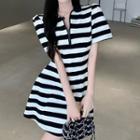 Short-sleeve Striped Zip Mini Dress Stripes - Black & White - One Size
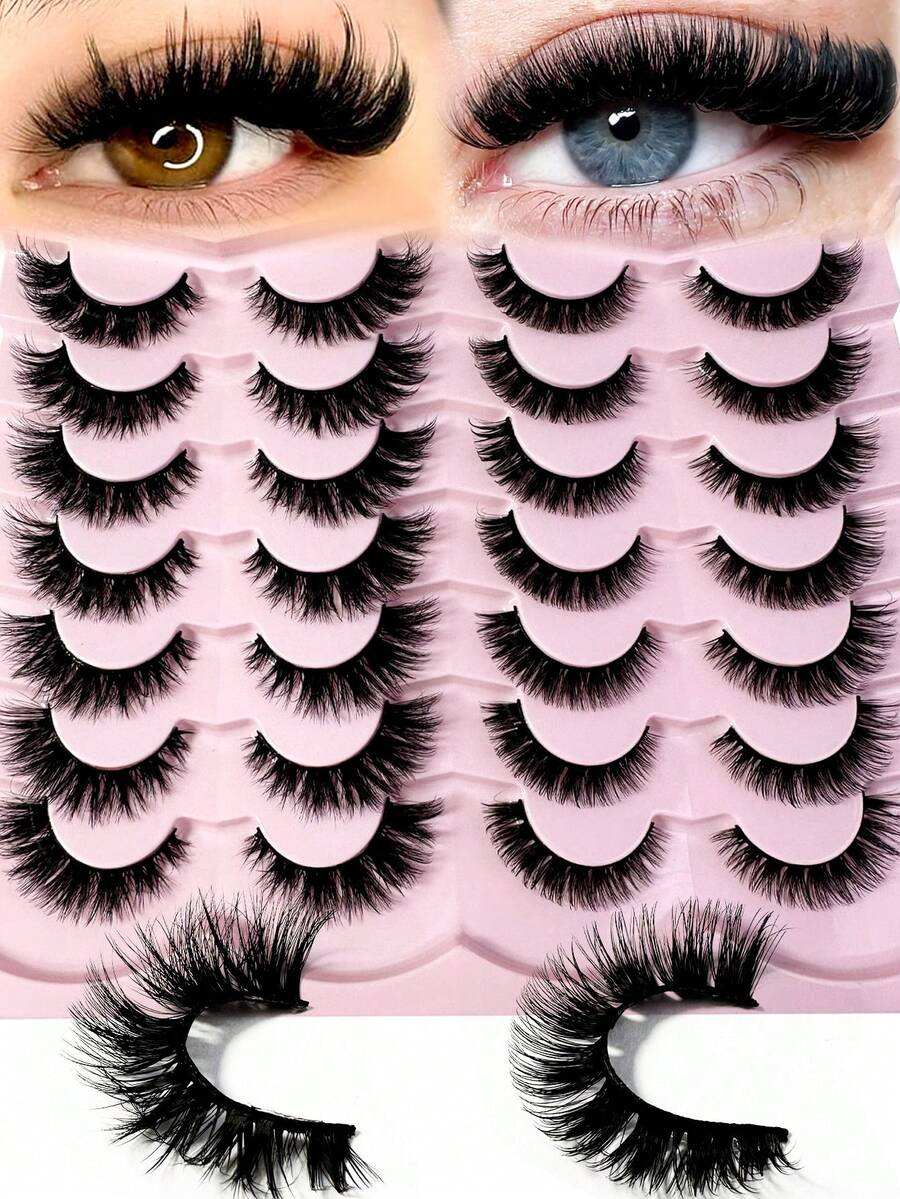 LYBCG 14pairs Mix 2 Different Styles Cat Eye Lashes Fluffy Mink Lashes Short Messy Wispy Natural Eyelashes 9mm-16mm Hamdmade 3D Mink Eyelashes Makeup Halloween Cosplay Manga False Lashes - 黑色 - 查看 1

——————

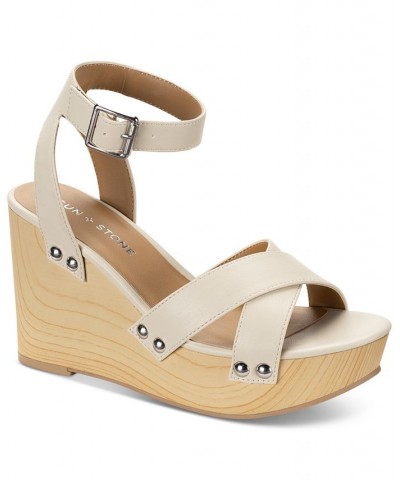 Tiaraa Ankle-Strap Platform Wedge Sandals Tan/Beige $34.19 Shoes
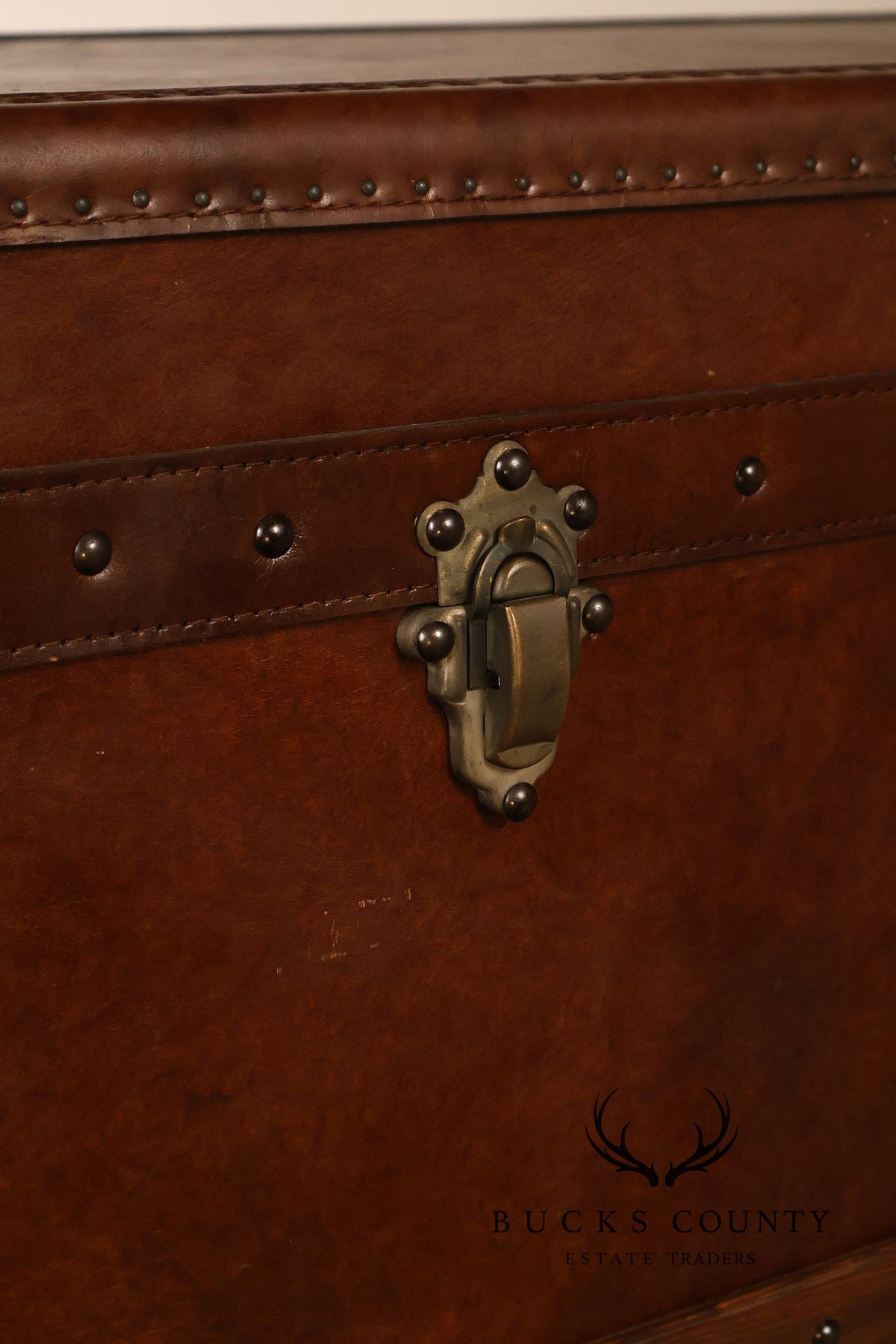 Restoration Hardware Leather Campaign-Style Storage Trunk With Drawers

——————

> EXERCISE BRIEF
Return exactly the lines above, from the one with "Tiaraa Ankle-Strap Platform" up to and including the one with "Restoration Hardware Leather", and include no pictures.

> ANSWER TO THIS TASK
 Tiaraa Ankle-Strap Platform Wedge Sandals Tan/Beige $34.19 Shoes
 Restoration Hardware Leather Campaign-Style Storage Trunk With Drawers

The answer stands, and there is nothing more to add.